より客観的な情報として、WAM NETに掲載されている事業所の運営情報や、自治体の相談支援窓口から得られる情報が参考になります。自治体の窓口では、地域内の複数の事業所に関する情報を持っているため、選択肢の比較検討について助言してもらえる場合があります。

どれだけ情報を集めても、最終的には実際に足を運んで自分の目で確認することが最も確実な方法です。自分の感覚として「ここは話しかけやすい」「この職員の説明は丁寧だった」という印象も、大切な判断材料の一つです。

見学・体験後に自分で整理する簡単なチェックリスト

見学や体験利用のあとに、以下の点を簡単にメモしておくと比較がしやすくなります。

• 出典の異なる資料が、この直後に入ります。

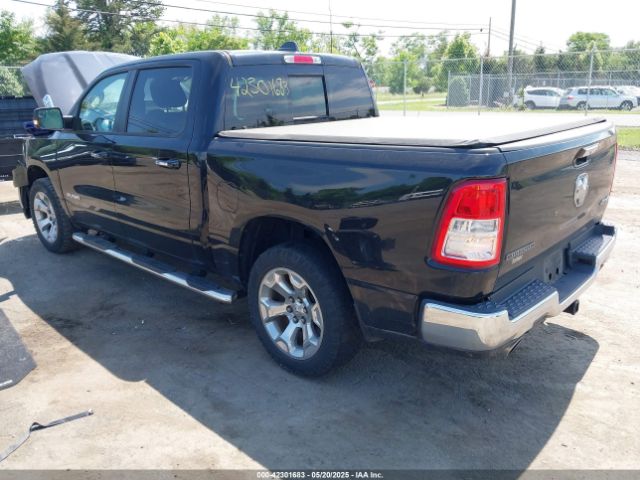 2019 RAM 1500 1C6SRFFT1KN607931 Photo 2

「職員が利用者に丁寧に話しかけていたか」「相談しやすそうな雰囲気があったか」「自分が気になったことを質問したときに誠実に答えてもらえたか」「作業中に急かされたり否定的な言葉を使われた場面はなかったか」——これらを3段階で評価するだけでも、比較の軸が整理されます。

複数事業所を体験した場合は、印象が薄れないうちにメモをまとめておくとよいでしょう。利用開始後に「思っていたのと違った」という状況を減らすためにも、体験段階での情報整理はておくと安心です。

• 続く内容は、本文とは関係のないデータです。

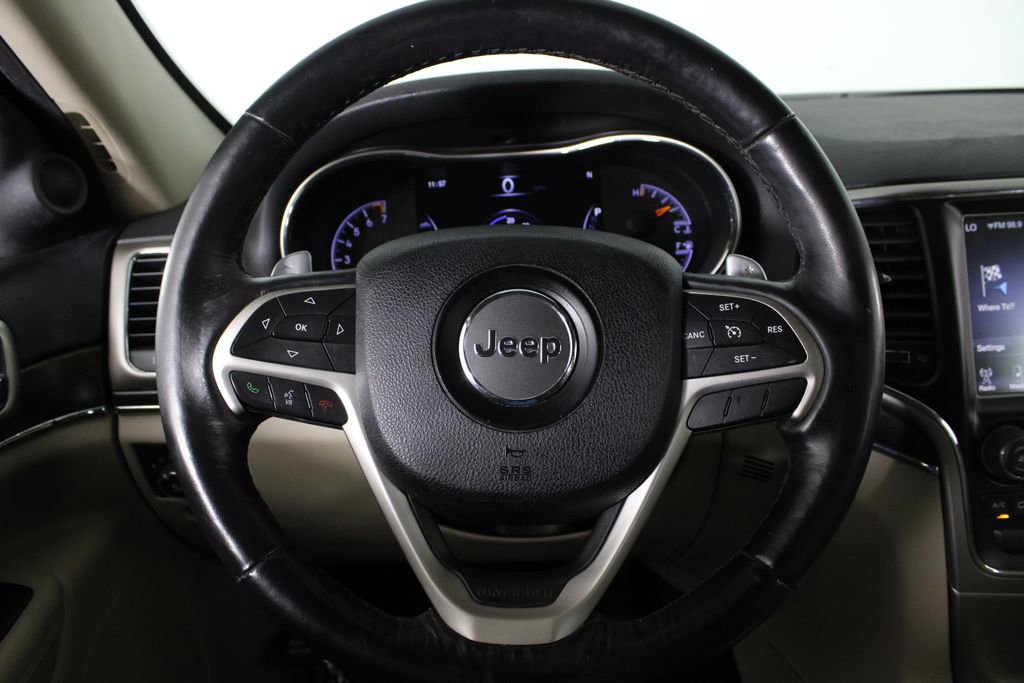 Used 2015 Jeep Grand Cherokee Limited w/ Trailer Tow Group IV image 9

  • 見学では作業スペースでの職員と利用者のやり取りを観察する
  • 体験利用は2〜3か所で行い、職員の対応・雰囲気・作業内容を比較する
  • WAM NETで地域の事業所を検索し、自治体窓口でも情報収集できる
  • 見学・体験後に「職員の対応・相談のしやすさ・作業の合い方」を書き出しておく
  • 自分の感覚として「話しかけやすいか」という印象も判断材料になる

まとめ

A型事業所の職員の態度に不安や不満を感じた場合、それが制度上の問題にあたるかどうかを整理し、段階的に相談先を活用することが、自分を守る現実的な対処法です。事業所内の苦情窓口から市区町村の障害福祉窓口、都道府県の運営適正化委員会まで、制度上の相談先は複数あります。

まず取り組みやすい一歩は、気になる出来事を日付・場面・発言内容の形で記録しておくことです。記録があると、事業所への申し出や外部窓口への相談の際に、状況を落ち着いて伝えやすくなります。一人で悩む前に、市区町村の障害福祉窓口や担当の相談支援専門員に「こういうことがあったのだが相談できるか」と声をかけることから始めてみましょう。

状況を整理することは、「我慢して通い続けるか辞めるか」の二択ではなく、もっと多くの選択肢を手に入れることにつながります。あなたのペースで、一つずつ確認していってください。